**Prompt:** Repeat exactly the opening lines of the records, ending with the line that contains "Local Area Map".

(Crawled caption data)
Start of Block

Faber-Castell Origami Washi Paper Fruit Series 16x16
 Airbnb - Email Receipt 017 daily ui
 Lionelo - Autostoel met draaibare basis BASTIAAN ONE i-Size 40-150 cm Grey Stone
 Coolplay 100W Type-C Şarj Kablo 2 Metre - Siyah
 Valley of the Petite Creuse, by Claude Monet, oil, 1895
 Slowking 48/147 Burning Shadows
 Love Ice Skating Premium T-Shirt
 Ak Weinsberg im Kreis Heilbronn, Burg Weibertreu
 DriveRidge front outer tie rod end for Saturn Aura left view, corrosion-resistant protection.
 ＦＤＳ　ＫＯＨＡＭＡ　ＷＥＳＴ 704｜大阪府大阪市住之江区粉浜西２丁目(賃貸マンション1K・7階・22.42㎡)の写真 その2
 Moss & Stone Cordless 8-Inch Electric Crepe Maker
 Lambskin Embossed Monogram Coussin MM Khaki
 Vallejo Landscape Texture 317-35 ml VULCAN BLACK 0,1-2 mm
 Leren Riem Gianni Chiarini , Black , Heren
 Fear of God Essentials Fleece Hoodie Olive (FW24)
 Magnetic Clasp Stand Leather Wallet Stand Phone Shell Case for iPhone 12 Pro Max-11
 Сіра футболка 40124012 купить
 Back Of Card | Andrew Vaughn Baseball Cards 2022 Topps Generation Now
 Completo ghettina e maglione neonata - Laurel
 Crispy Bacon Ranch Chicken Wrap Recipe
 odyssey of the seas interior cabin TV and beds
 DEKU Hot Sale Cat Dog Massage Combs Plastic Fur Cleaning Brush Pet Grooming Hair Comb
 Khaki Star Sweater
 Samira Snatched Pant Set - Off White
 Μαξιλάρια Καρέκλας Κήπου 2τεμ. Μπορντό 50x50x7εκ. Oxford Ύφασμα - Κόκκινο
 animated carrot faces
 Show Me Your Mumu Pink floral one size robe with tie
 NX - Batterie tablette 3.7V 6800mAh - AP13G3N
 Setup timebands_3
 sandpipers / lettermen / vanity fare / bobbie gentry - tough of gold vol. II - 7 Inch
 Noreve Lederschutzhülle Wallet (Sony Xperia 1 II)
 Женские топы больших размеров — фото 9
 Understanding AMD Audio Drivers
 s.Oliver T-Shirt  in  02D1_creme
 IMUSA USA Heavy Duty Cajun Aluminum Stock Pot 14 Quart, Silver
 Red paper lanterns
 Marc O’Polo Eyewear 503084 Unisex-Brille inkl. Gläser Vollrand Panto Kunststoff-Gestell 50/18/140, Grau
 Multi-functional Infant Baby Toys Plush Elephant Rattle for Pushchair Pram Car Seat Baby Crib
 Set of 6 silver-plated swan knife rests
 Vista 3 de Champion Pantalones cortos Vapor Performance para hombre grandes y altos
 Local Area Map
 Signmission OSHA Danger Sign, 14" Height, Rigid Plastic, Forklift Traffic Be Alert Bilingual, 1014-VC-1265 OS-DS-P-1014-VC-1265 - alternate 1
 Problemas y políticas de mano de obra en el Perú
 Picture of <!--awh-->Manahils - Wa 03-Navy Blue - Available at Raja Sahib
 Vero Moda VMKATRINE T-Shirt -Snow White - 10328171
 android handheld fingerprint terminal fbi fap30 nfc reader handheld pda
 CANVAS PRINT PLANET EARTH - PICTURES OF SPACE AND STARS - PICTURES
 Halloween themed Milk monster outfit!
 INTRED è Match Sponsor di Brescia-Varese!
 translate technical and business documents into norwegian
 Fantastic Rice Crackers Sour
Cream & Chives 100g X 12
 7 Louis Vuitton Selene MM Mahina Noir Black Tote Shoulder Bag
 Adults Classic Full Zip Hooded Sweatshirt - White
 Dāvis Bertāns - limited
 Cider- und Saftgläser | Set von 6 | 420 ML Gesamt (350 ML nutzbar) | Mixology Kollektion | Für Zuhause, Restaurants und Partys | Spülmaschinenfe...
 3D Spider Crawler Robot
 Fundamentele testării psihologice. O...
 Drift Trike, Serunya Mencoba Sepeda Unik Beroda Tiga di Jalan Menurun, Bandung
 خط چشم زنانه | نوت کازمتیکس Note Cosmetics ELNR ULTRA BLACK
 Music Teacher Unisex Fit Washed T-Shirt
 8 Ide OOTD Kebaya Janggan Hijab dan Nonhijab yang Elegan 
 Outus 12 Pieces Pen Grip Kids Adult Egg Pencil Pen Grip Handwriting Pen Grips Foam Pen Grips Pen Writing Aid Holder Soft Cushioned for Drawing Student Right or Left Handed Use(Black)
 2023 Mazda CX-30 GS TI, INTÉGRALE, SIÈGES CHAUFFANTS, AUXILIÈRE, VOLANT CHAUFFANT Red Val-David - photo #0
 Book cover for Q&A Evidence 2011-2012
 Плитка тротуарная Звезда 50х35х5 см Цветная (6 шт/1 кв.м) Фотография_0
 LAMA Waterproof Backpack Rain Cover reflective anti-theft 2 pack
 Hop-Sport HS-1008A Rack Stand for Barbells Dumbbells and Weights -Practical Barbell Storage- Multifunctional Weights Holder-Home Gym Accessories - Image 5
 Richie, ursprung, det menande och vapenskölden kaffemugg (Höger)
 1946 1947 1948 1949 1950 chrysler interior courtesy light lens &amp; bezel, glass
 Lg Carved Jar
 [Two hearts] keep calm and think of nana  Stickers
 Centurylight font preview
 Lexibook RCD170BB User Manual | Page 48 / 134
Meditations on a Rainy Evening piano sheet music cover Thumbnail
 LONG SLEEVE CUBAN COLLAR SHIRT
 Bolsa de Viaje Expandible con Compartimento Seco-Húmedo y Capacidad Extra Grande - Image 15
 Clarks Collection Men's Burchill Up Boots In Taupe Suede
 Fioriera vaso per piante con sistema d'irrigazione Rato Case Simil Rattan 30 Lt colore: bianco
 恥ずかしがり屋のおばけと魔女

End of Block

**Solution to this task:**
Faber-Castell Origami Washi Paper Fruit Series 16x16
 Airbnb - Email Receipt 017 daily ui
 Lionelo - Autostoel met draaibare basis BASTIAAN ONE i-Size 40-150 cm Grey Stone
 Coolplay 100W Type-C Şarj Kablo 2 Metre - Siyah
 Valley of the Petite Creuse, by Claude Monet, oil, 1895
 Slowking 48/147 Burning Shadows
 Love Ice Skating Premium T-Shirt
 Ak Weinsberg im Kreis Heilbronn, Burg Weibertreu
 DriveRidge front outer tie rod end for Saturn Aura left view, corrosion-resistant protection.
 ＦＤＳ　ＫＯＨＡＭＡ　ＷＥＳＴ 704｜大阪府大阪市住之江区粉浜西２丁目(賃貸マンション1K・7階・22.42㎡)の写真 その2
 Moss & Stone Cordless 8-Inch Electric Crepe Maker
 Lambskin Embossed Monogram Coussin MM Khaki
 Vallejo Landscape Texture 317-35 ml VULCAN BLACK 0,1-2 mm
 Leren Riem Gianni Chiarini , Black , Heren
 Fear of God Essentials Fleece Hoodie Olive (FW24)
 Magnetic Clasp Stand Leather Wallet Stand Phone Shell Case for iPhone 12 Pro Max-11
 Сіра футболка 40124012 купить
 Back Of Card | Andrew Vaughn Baseball Cards 2022 Topps Generation Now
 Completo ghettina e maglione neonata - Laurel
 Crispy Bacon Ranch Chicken Wrap Recipe
 odyssey of the seas interior cabin TV and beds
 DEKU Hot Sale Cat Dog Massage Combs Plastic Fur Cleaning Brush Pet Grooming Hair Comb
 Khaki Star Sweater
 Samira Snatched Pant Set - Off White
 Μαξιλάρια Καρέκλας Κήπου 2τεμ. Μπορντό 50x50x7εκ. Oxford Ύφασμα - Κόκκινο
 animated carrot faces
 Show Me Your Mumu Pink floral one size robe with tie
 NX - Batterie tablette 3.7V 6800mAh - AP13G3N
 Setup timebands_3
 sandpipers / lettermen / vanity fare / bobbie gentry - tough of gold vol. II - 7 Inch
 Noreve Lederschutzhülle Wallet (Sony Xperia 1 II)
 Женские топы больших размеров — фото 9
 Understanding AMD Audio Drivers
 s.Oliver T-Shirt  in  02D1_creme
 IMUSA USA Heavy Duty Cajun Aluminum Stock Pot 14 Quart, Silver
 Red paper lanterns
 Marc O’Polo Eyewear 503084 Unisex-Brille inkl. Gläser Vollrand Panto Kunststoff-Gestell 50/18/140, Grau
 Multi-functional Infant Baby Toys Plush Elephant Rattle for Pushchair Pram Car Seat Baby Crib
 Set of 6 silver-plated swan knife rests
 Vista 3 de Champion Pantalones cortos Vapor Performance para hombre grandes y altos
 Local Area Map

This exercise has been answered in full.